La reducción de las interacciones humanas a comportamientos digitales a través de las pantallas nos ha llevado a tal punto de disgregación social que cada vez parece más difícil el encuentro, el pensar y generar instancias colectivas que nos permitan, al menos, mejorar nuestras condiciones de vida. Resulta cada vez más difícil encontrar puntos en común y construir, a partir de ellos, herramientas de lucha. El mundo atraviesa momentos de gran convulsión. Las crisis económicas, los vaivenes políticos, las guerras. Poblaciones enteras masacradas. Un sistema capitalista que tambalea, se reajusta e intenta sobrevivir a un colapso que es solo fruto de sus propias ambiciones.

No podemos no preguntarnos: ¿qué vamos a hacer cuando esto suceda? ¿Cómo vamos a sobrevivir o, en el mejor de los casos, vivir? 

Existen vastos ejemplos, tanto históricos como actuales, de experiencias sobre las que podemos apoyarnos para construir nuevas formas de existir. La acción colectiva requiere práctica. Pensar y buscar formas de organización alternativas a lo que este mundo propone, es cada vez mas necesario.

El primero de mayo no es simplemente una fecha. Es el recordatorio de un larguísimo camino recorrido por trabajadores y trabajadoras que, contra el Estado, el capital, el patrón y los aparatos represivos, buscaron su emancipación. Una lucha por sacudirse de encima intermediarios y dirigentes, por tomar las riendas de la propia vida y construir, con los demás, una existencia libre y armoniosa, sin opresores ni oprimidos.

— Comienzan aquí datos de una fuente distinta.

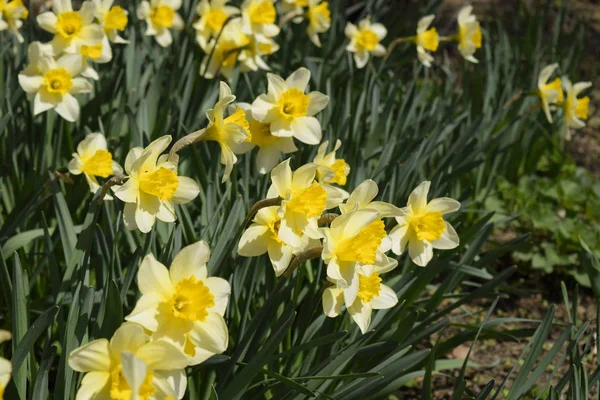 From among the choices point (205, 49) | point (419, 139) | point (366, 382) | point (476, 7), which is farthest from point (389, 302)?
point (476, 7)

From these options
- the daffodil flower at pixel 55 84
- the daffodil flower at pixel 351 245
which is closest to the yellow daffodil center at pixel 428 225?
the daffodil flower at pixel 351 245

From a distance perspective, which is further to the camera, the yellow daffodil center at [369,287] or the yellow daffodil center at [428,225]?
the yellow daffodil center at [428,225]

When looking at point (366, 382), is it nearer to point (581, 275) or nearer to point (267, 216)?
point (267, 216)

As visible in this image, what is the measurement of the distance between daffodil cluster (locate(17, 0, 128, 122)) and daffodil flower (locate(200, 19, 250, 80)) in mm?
369

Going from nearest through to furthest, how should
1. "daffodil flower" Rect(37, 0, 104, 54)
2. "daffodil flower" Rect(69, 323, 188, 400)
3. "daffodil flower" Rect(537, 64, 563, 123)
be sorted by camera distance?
1. "daffodil flower" Rect(69, 323, 188, 400)
2. "daffodil flower" Rect(37, 0, 104, 54)
3. "daffodil flower" Rect(537, 64, 563, 123)

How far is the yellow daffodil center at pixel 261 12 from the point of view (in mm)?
2750

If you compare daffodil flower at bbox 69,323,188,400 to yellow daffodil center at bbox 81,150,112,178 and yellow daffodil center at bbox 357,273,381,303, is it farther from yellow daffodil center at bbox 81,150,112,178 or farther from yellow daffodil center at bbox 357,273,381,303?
yellow daffodil center at bbox 81,150,112,178

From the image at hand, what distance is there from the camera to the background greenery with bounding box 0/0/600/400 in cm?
166

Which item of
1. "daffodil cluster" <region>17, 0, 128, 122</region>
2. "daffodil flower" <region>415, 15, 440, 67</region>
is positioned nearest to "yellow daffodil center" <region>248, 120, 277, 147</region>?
"daffodil cluster" <region>17, 0, 128, 122</region>

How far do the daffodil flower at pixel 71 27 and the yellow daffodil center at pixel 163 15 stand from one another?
56 centimetres

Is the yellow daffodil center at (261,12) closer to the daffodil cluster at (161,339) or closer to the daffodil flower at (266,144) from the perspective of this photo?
the daffodil flower at (266,144)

Son estas prácticas concretas las que han calado en nuestra humanidad. La solidaridad y el apoyo mutuo. No son experiencias grandilocuentes ni ficciones idealizadas; surgen cotidianamente desde la necesidad, y se expanden como raíces invisibles. Ejemplos cercanos no faltan: ante los incendios en Córdoba o el sur de la Argentina, la autoorganización de brigadas contra el fuego y las redes solidarias para alojar quienes lo necesitaban nacieron de la necesidad inmediata, sin esperar la mediación del Estado. Estos ejemplos se repiten una y otra vez, en diferentes lugares del mundo, con diferentes culturas. La humanidad aflora. Sin embargo, el poder busca disgregar esas formas, imponiendo a las fuerzas de seguridad como únicos actores legítimos y reforzando su función represiva contra quienes se organizan de forma horizontal.

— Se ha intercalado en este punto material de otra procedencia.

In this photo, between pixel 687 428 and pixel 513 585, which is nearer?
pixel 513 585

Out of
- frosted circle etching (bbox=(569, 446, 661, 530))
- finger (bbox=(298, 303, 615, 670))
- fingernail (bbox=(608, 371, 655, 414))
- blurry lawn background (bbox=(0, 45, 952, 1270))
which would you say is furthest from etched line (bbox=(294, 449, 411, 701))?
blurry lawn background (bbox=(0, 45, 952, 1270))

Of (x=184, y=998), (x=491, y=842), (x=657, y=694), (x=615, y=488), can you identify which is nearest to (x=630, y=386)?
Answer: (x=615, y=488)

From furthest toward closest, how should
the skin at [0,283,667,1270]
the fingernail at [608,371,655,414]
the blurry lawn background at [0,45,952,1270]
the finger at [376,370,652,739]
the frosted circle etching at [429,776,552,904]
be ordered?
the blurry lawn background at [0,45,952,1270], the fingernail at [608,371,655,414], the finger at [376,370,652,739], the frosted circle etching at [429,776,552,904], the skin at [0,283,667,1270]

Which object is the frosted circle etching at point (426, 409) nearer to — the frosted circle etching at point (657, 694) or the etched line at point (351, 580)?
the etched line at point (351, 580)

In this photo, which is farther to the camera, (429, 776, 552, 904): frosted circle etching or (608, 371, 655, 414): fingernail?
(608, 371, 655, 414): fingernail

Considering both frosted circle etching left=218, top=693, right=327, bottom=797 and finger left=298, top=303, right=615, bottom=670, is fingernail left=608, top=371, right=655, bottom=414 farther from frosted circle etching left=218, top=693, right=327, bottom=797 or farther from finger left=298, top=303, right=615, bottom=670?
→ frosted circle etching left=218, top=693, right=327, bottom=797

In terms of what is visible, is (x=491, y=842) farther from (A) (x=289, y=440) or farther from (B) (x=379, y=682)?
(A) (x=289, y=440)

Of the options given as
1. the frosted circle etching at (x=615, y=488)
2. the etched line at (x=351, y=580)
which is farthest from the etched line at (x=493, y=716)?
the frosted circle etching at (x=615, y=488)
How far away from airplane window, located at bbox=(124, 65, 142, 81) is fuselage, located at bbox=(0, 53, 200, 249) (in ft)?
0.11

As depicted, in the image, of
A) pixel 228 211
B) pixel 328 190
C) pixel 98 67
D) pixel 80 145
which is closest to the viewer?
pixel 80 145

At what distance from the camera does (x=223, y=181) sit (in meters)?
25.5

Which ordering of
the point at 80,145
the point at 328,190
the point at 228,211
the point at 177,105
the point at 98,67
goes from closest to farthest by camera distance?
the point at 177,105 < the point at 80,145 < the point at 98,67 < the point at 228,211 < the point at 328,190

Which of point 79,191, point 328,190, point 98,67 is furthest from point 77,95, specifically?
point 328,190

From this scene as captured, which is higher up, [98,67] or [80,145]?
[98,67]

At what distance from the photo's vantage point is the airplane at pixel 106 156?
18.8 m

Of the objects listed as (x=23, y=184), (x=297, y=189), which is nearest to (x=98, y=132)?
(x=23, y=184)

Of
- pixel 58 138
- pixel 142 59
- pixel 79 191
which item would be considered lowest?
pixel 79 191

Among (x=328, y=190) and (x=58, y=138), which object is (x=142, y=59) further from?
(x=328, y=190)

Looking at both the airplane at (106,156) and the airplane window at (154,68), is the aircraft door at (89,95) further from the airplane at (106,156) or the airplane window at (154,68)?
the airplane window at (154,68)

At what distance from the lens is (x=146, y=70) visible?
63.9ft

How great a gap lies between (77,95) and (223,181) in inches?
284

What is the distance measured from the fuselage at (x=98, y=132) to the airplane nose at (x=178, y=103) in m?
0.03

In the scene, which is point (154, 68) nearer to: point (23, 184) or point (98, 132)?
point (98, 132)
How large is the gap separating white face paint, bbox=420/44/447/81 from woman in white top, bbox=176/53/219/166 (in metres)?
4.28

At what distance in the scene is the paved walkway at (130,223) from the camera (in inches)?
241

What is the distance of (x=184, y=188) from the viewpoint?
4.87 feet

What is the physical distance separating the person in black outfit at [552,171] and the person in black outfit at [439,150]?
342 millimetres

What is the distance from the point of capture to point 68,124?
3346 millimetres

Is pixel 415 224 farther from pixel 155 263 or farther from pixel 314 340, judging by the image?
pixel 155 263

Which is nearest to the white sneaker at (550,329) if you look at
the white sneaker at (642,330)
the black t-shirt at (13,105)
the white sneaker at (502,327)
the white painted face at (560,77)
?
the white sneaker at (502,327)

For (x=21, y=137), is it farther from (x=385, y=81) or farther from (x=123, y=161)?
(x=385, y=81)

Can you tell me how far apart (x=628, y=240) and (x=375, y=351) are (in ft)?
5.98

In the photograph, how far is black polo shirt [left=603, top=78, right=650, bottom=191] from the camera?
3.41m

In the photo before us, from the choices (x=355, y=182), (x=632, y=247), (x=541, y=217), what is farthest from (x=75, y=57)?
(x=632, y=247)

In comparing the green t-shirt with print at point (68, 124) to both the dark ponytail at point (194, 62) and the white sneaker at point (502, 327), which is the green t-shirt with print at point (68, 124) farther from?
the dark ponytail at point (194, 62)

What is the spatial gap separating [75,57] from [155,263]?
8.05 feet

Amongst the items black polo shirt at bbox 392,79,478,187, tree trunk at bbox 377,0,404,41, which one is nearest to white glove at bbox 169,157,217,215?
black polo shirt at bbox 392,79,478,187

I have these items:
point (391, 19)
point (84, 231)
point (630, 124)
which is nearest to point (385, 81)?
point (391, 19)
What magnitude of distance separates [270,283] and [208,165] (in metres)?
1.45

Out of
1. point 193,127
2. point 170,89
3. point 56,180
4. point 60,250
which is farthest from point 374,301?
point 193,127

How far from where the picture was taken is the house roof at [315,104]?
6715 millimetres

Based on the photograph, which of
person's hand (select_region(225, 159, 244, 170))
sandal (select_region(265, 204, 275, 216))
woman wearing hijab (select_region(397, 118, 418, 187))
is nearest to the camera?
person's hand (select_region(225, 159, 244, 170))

Las cooperativas, las ferias de trueque barrial, las asambleas vecinales son otros ejemplos de prácticas de autodeterminación surgidas de la necesidad y sostenidas por las capacidades individuales cuando actúan en conjunto. El recuerdo de diciembre del 2001 nos muestra tanto el potencial de estas formas como sus límites: la creatividad de la autoorganización convivió con el hecho de que, tras la consigna de “que se vayan todos”, nadie realmente se fue. Quedaron los mismos, haciendo lo mismo que hicieron antes. El poder, mejor organizado, terminó absorbiendo nuevamente la voluntad popular, y una vez más delegamos nuestra autonomía en dirigentes y estructuras estatales.

Perdimos, entre la complejidad y dificultad de vivir, el centro de la cuestión que es la construcción de espacios de decisión y acción directa, sin intermediarios.

Cada espacio que abandonamos, por pequeño que sea, es ocupado por quienes detentan el poder, reforzando su control. Un ejemplo claro es la huelga, que ya no es vista como una herramienta de los trabajadores frente a sus explotadores, sino como un instrumento de conveniencia y presión política manejado por las centrales sindicales (CGT, CTA) en beneficio propio. La delegación de la propia voluntad y la posibilidad de construir con los demás puede empujar a creer que todo esta perdido. De que no hay formas de organización sin algún mandamás de turno.

Hoy, como todos los días, tenemos la posibilidad de retomar esas formas de organización horizontal, de buscar alternativas. El fracaso es siempre una posibilidad. Pero no habría que temerle, o a las ruinas siquiera. Incluso cuando fallamos acumulamos una experiencia, y es esta experiencia la que nos prepara para futuras luchas. El exitismo contemporáneo (impuesto por la lógica del poder) nos empuja a la apatía, a la desesperanza, publicitando la salida individual para evitar la peligrosidad que desencadena el esfuerzo colectivo.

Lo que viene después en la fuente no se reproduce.